We use Shopworks as well but are in a position where we may be leaving. Unfortunately Shopworks does not have a order import tool that is compatible with ,csv or.xls or any format used in the civilized world. Shopworks has a proprietary "Block order import" - see attachment. We recieve large orders from some of our customers in the form of a excel spreadsheet and I have been on the phone with shopworks support and they have told me that there is no way to do a bulk order upload into the system unless we pay them $100 per hour for 15 to 25 hours for them to "custom code" us this tool. I imagine that they already have created this tool and just love to rip us off and lie to us saying "it doesnt exist".

Can I please have some insite from our community on this subject.

I don't want anyone else to use Shopworks if they are needing bulk order uploads, because it simply is not avaliable without shelling out $1500 to $2500 for "something they have never created before" what a bunch of lies.


----------



## DeeSolution14 (Dec 16, 2014)

@ScreenMedics I have been a ShopWorks customer for two years and recently started using the EDP (External Data Processing) feature which allows me to import multiple orders simultaneously from a file coming from our website. This feature has really help me manage our website orders at no additional since this feature is free.


----------



## Screen Medics (Feb 23, 2015)

DeeSolution14 said:


> @ScreenMedics I have been a ShopWorks customer for two years and recently started using the EDP (External Data Processing) feature which allows me to import multiple orders simultaneously from a file coming from our website. This feature has really help me manage our website orders at no additional since this feature is free.

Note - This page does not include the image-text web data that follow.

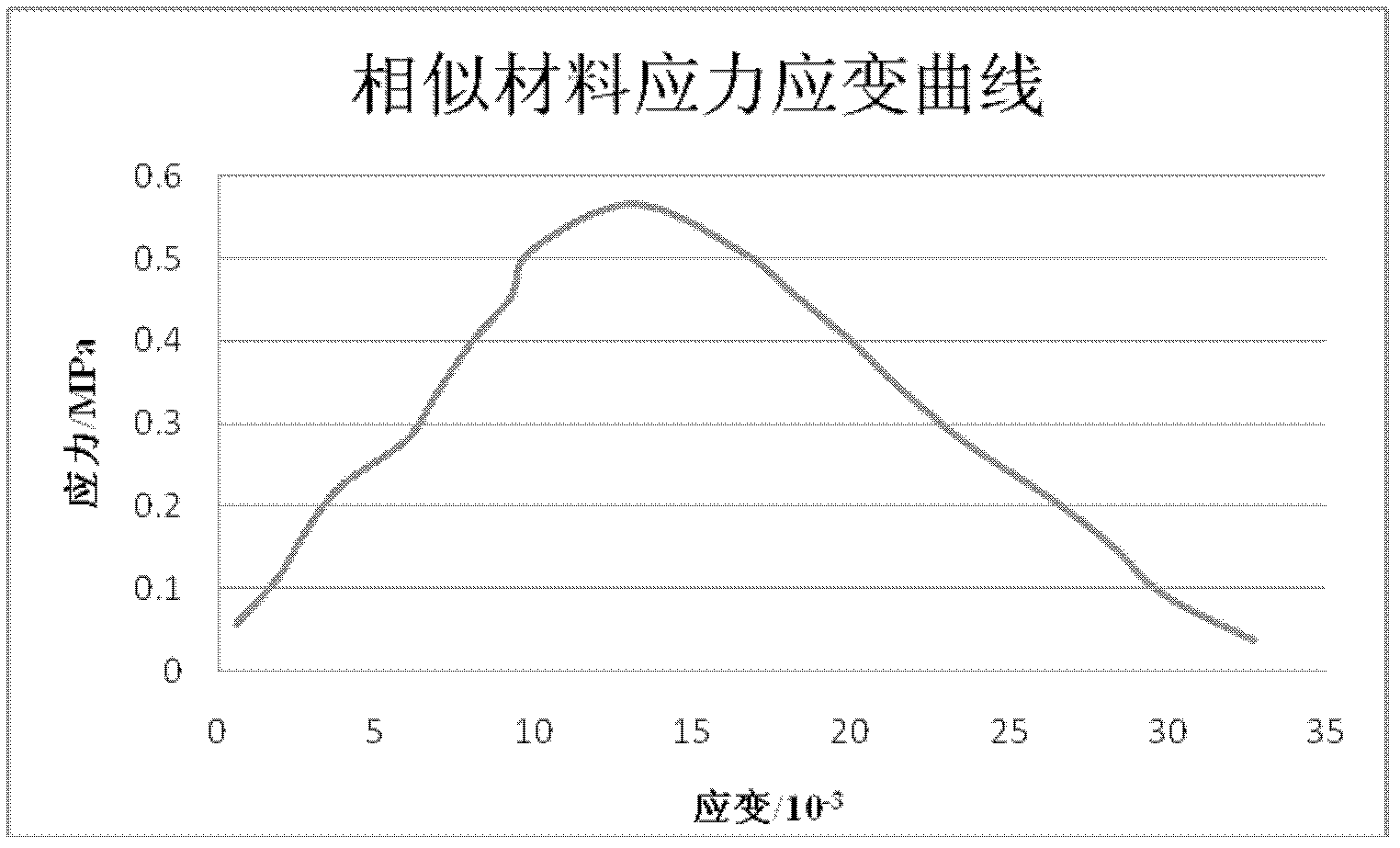 Fluid-solid coupling similar material for model test and preparation method for material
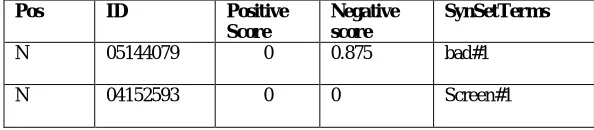 Table 1: SentiWordNet Scoring System   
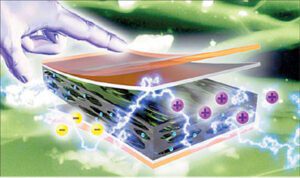 تولید نانو ژنراتور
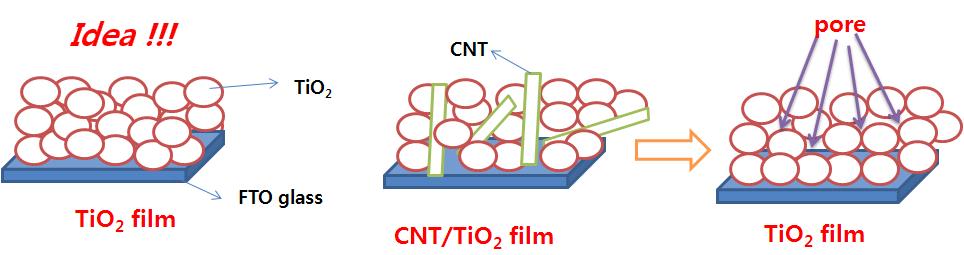 CNT가 첨가된 TiO2 페이스트의 활용방안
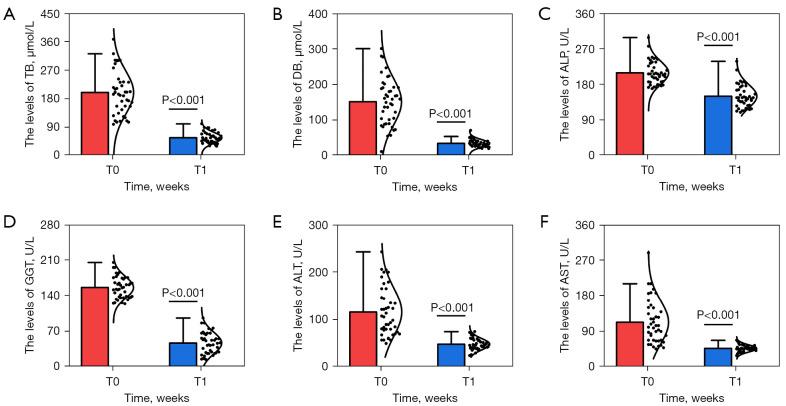 https://cdn.ncbi.nlm.nih.gov/pmc/blobs/4924/10102799/c19b94fce431/qims-13-04-2605-f5.jpg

I have only seen two websites that support the shopworks EDP function: linkpointcart.com, inksoft.com. If you are not importing orders directly from the two websites above it is impossible to import orders to shopworks without huge "custom programming fees". We are also inksoft customers and yes, the EDP does function. But, what if you need to import data from somewhere else? My question is to the people who have successfully imported orders from somewhere else other than an inksoft webstore. How much did you have to pay shopworks in order to perform a simple .csv or .xls automatic order entry? They are telling us that it is something custom that they have never had to perform in the past and want to charge us big for a feature that is available on almost any order management platform, even ones from the early 1990s had this feature. I find it highly unlikely that we are the only shopworks customers that have desire to perform automatic order entry. It is very important for me to share this message to the community and hopefully we can resolve this issue together.


----------



## Nav Printman (Feb 10, 2015)

I use Deconetwork. Hosted web service with a brilliant business hub for print and embroidery companies. Anyone else using it?


----------



## DeeSolution14 (Dec 16, 2014)

Nav Printman said:


> I use Deconetwork. Hosted web service with a brilliant business hub for print and embroidery companies. Anyone else using it?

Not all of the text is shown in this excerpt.